また、「(築山殿=瀬名には)目標にしたと考えられる女性がいます。今川義元の母、寿桂尼です。駿河の今川館の近くに自分の屋敷を構え、今川家の繁栄を支えました。瀬名が築山に住んだのも、寿桂尼にならったのかもしれません」というナレーションもありました。築山殿が「女戦国大名」とも呼ばれる寿桂尼に憧れていたことを具体的に示す史料は残念ながら残されていませんが、戦国期の今川家の黄金時代を作り上げたのが、義元とその母・寿桂尼であったことは間違いありません。

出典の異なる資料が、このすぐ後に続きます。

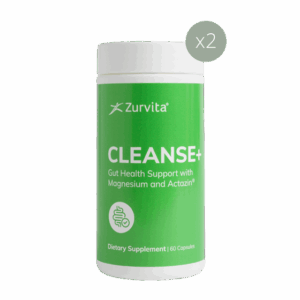 Cleanse+ x2 Kit – Zurvita/Zinzino Cleanse+ x2 Kit – Zurvita/Zinzino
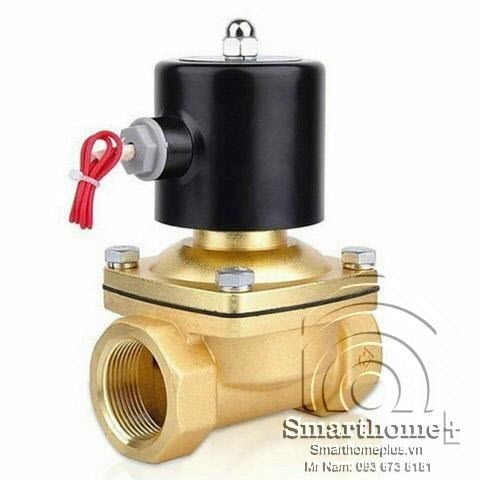 Van Điện Từ 220V SHP-VL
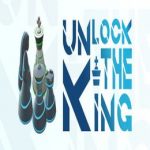 Unlock The King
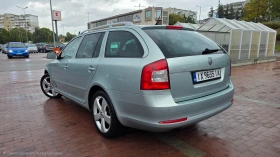 Skoda Octavia БЕЗУПРЕЧНА, снимка 4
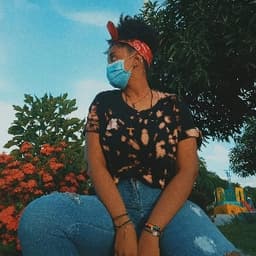 Isis avatar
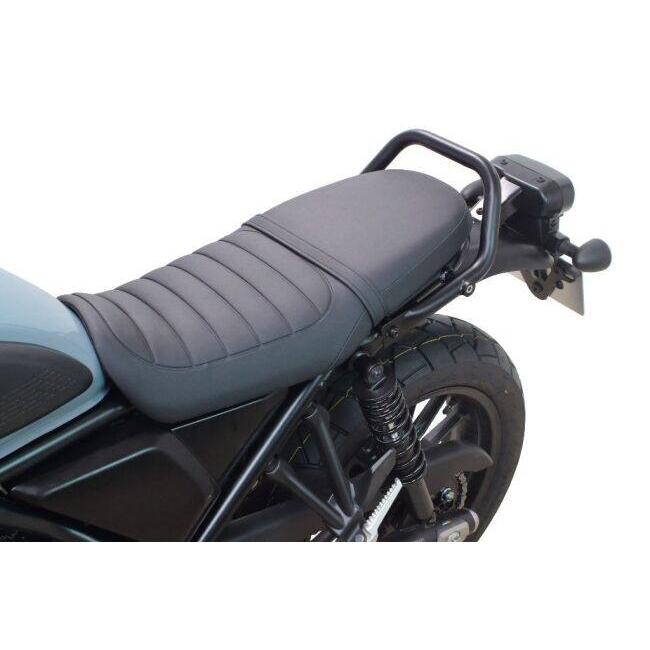 スペシャルパーツ武川 SP武川 SPタケガワ グラブバー CL250 CL500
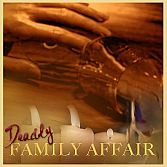 Escape room 2: Deadly Family Affair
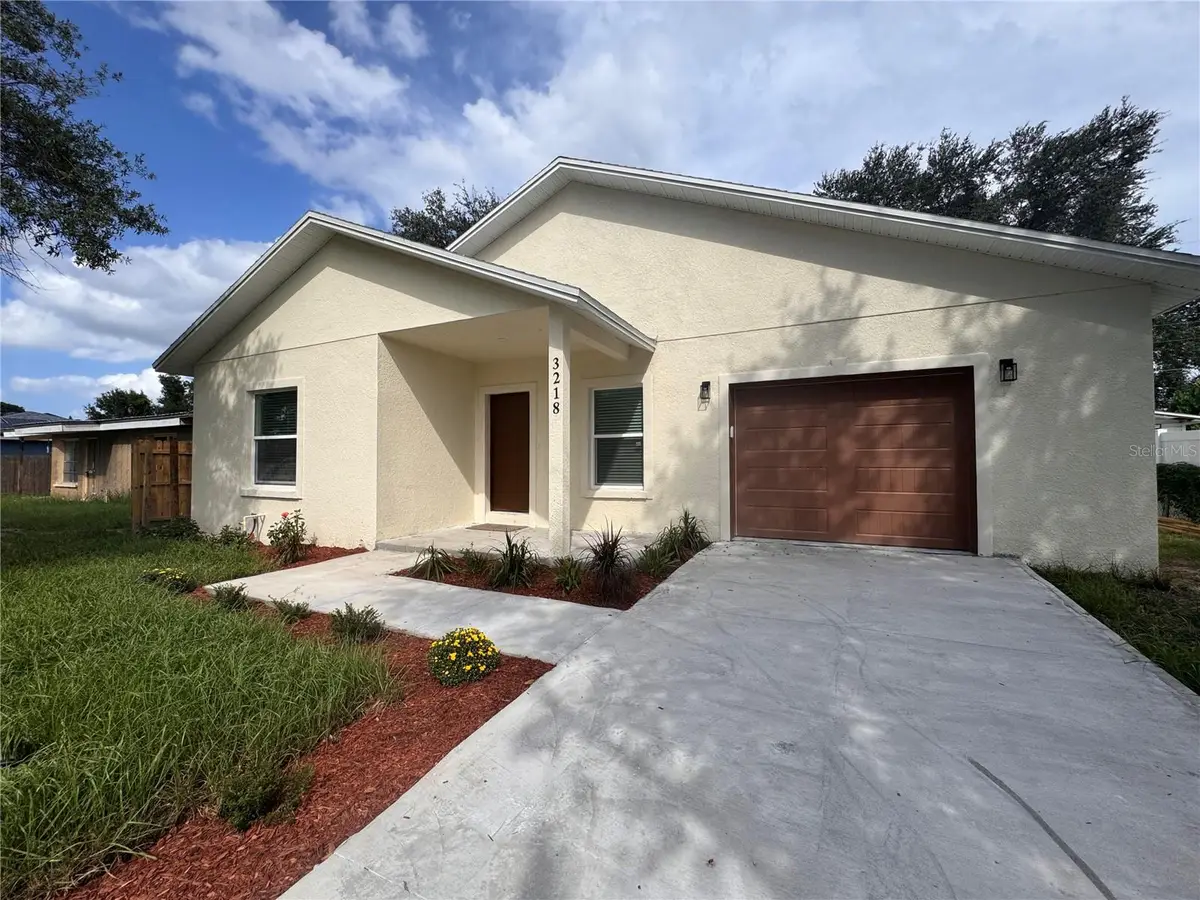 3218 Delray Drive, Tampa, FL 33619 - #1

 寿桂尼(本名不詳)は、京都の公家・中御門家から駿河の今川氏親に嫁いだ女性で、氏親が早逝した際には、後を継いだ当時14歳の長男・氏輝の代わりに約2年間、今川家の実質的なトップを務めました。しかし、氏輝が名実ともにトップとなって以降も彼女の政治参加は続き、自分が産んだ氏輝とその弟が相次いで(暗殺と思しき)不審死を遂げると、すでに僧籍に入っていた義元(寿桂尼にとっては3番目の息子)を呼び戻してトップに立てました。この時、氏親の側室が産んだ男子で、義元同様に僧だった玄広恵探との家督争いが起こりますが、寿桂尼は玄広恵探サイドに直談判し、説得を試みるなど、凄まじい行動力を発揮しています。

 玄広恵探は、義元より自分が年長であることを理由に、還俗して今川本家を継ごうとしていたのですが、今川家の軍師的存在である太原雪斎と協働した寿桂尼が有力家臣たちを説得し、味方に引き入れるなどの素早い対応を見せたことで、花倉(はなくら)の乱と呼ばれるこのお家騒動の早期収束を可能にしました。

 寿桂尼は一度引退しますが、義元の急死後には現役復帰し、孫の氏真の時代も活躍していました。すなわち『どうする家康』の時間軸でも政治に密接に関わっており、一説には武田信玄も彼女を警戒していたともいわれますが、ドラマにはなぜか登場していません。しかし、対立陣営ともうまく交渉し、味方に引き入れてしまうような寿桂尼の政治スキルに築山殿=瀬名姫が憧れ、模倣しようとしてもおかしくはないでしょう。